Drift
“Drift Net is an interactive performance exploring the concept of the blogging phenomenon. The performance uses unconventional instruments to interact with a performer’s body and the movement of the body is translated into quantitative data that manifest via the elements of sound, light and video. In collaboration with performers Rizman Putra, aspidistrafly, light artist Fujimoto Takayuki, sound artists Daito Manabe, Satoshi Horii, Motoi Ishibashi and web & print designer Torrance Goh. More at http://www.driftnet.sg. “
It is usually quite difficult to access the type of works that cross disciplines – in this case between sit-down theatre, sound art, performance art, multimedia projections – but the director of Drift Net, Ka Fai made it seem quite easy. The scenes crossed beautifully and seamlessly like fleeting day dreams, immersing the spectator in surround sight and sound. As the performance blurp suggested, the work seems to be about the internet, how it transcends global boundaries and affects how lives, personas are recorded and lived.
Perhaps this is what a multi-media performance, something which I imagine requires tremendous collaboration between the parties/techies involved, should be like.

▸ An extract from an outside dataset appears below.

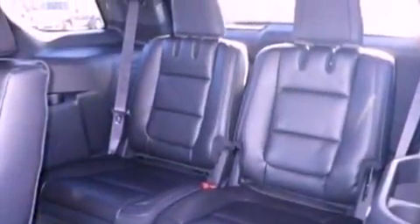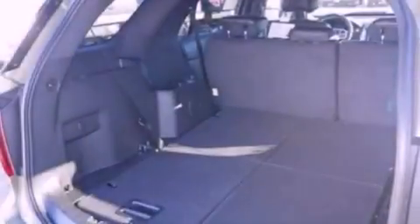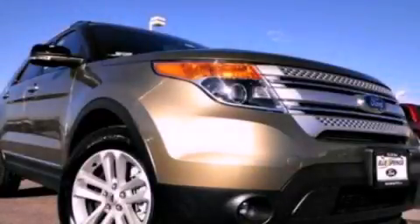Roof rails, dusk sensing headlights, side curtain airbags, air conditioning, and a navigation system. Please call today to reserve this vehicle for a test drive.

In the traditions of American visual artist Laurie Anderson, the mode of presentation connects with the subject matter, and us ‘digital immigrants’ or ‘digital natives’.

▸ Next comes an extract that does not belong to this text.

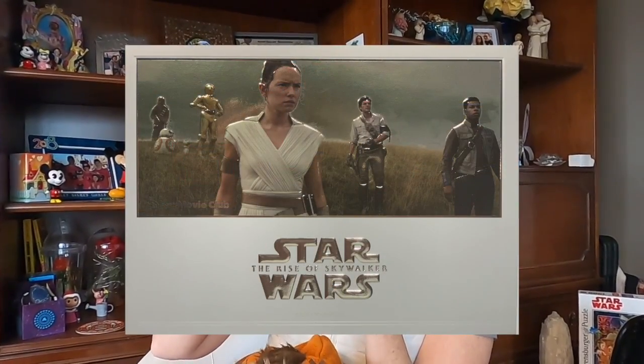Then we've got our awesome lithograph. I always make sure to tick the little box for the lithograph when I order my special movies. This one has a beautiful, shiny lithograph that comes with it.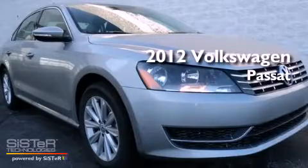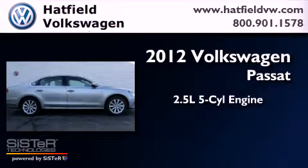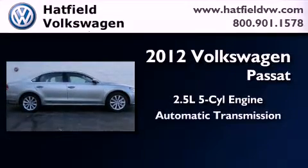This is a brand-new 2012 Volkswagen Passat. It has a 2.5-liter, 5-cylinder engine and an automatic transmission.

The impressive work puts together some of the most spectacular lighting sequences with LED lights, detailed mind-blowing HD projections on 6 screens (I think), live-action by performance artist Rizman Putra and electronic music to jolt brain waves. The memorable scene was the circular burst of LED lights, creating a ‘stop motion’ like strobe of the actor’s shadow. Perhaps choreographed with a particular narrative in mind, The audience shouldn’t have problem delving into their own experiences of the internet, to complement the artists’ impressions and screen grabs of teenage (angst) blogs. These revealed a particular psyche, which I felt like a trespasser. I did wonder if I belonged to the audience group the director had in mind, and if it was important at all that I felt this way.

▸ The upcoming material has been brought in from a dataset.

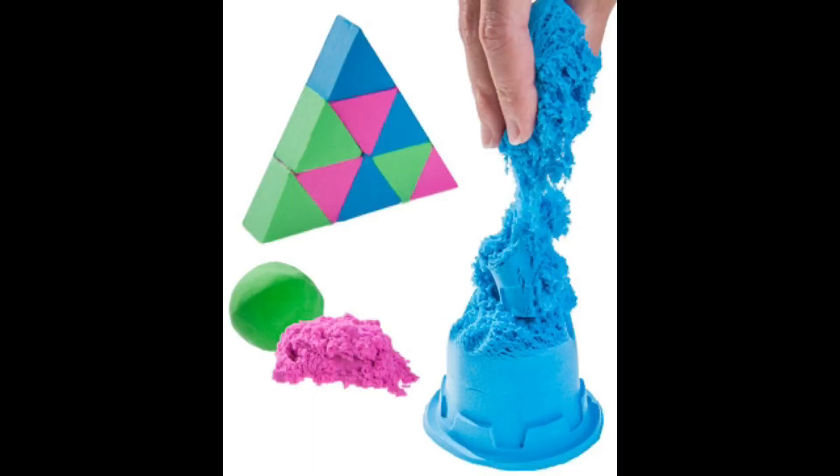Shape it, build it, stretch it, watch it flow. Reusable, never dries out. We got different colors here — I got blue, I got green, I got pink. I'm pretty excited to see what this stuff is like.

On a really elemental level, the visual imagery was quite literal: running in the forest or beach to perhaps suggest freedom, the performer Rizman putting on different personal effects to suggests myriad of assumed identities on the internet.
The ending was perhaps too conclusive, and the soothing emotional live singing and acoustic guitar play, that suggested a sense of ‘loss’. It makes the work a lovely piece about ‘loss’ and ‘lament’, without touching on problems or solutions. The work is like an observation or survey, an artist’s insight into a particular phenomenon, nothing more. Like a visual poetry in motion through performance, projection lights and sound, the work has it’s beautiful moments, and instances of punctuation.
6 of 10 stars
Till Mar 31, Saturday. Tickets sold out for Friday Mar 30.